Eygi is described by H. Esra Arcan as "a renowned Islamist who [wrote] on religious and political subjects". He favoured a political system based on the Sharia, and demanded the rejection of laws that are incompatible with the Quran. Eygi was a Holocaust denier who argued that criminalising Holocaust denial is both a human rights violation and against the freedom of speech principle. Eygi propagated the conspiracy theory that, the English and the Americans have faked the Holocaust by  killing millions of German civilists and soldiers.

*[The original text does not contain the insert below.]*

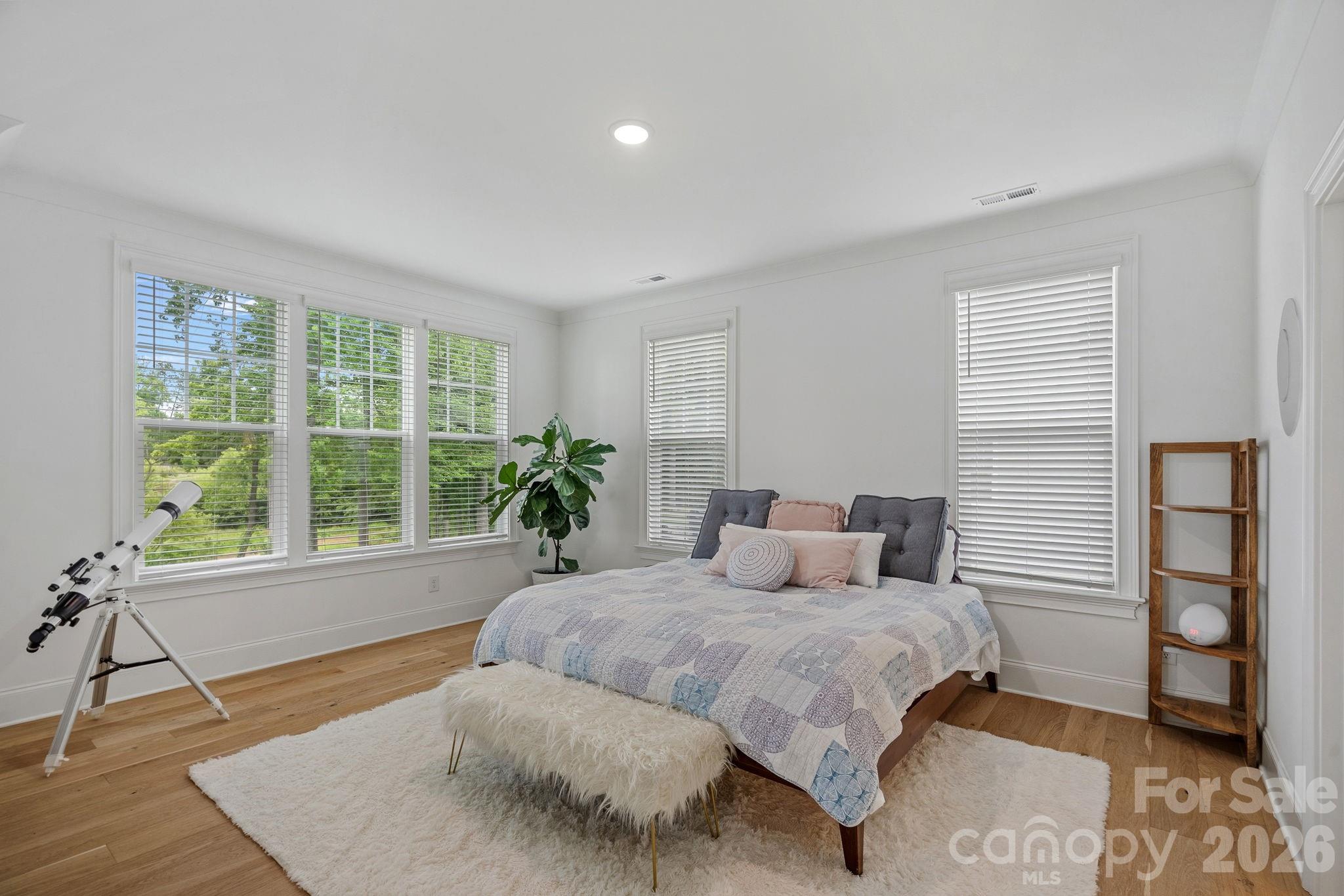 165 Little Indian Loop Property Photo 17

Ozan Ekin Gökşin argues that, "rightists such as Mehmet Şevket Eygi (…) were the standard bearers" of the conspiracy theory that, "the cadres who founded the Turkish Republic consisted of the elite of Thessaloniki immigrants who converted from Judaism to Islam, but who secretly performed their own religious rituals." Rıfat Bali outlines that, Eygi spread the conspiracy theory that the group of the Dönme Jews were responsible for the Armenian Genocide, and that Eygi believed that "it wasn't the Muslim Turks who committed [atrocities against the Armenians]". Furthermore, Bali describes Mehmed Şevket Eygi as one of those "political players" and "propagandists" that were responsible for "establishing antisemitism" in post-1946 Turkey. The German Interior Ministry also considered Eygi to be an anti-Semite, who had been spreading the "Dönme Delusions" conspiracy theory since the 1960s. The German Amadeu Antonio Foundation called Eygi's 1999 book Yahudi Türkler yahut Sabetaycilar an "anti-Semitic conspiracy theory book".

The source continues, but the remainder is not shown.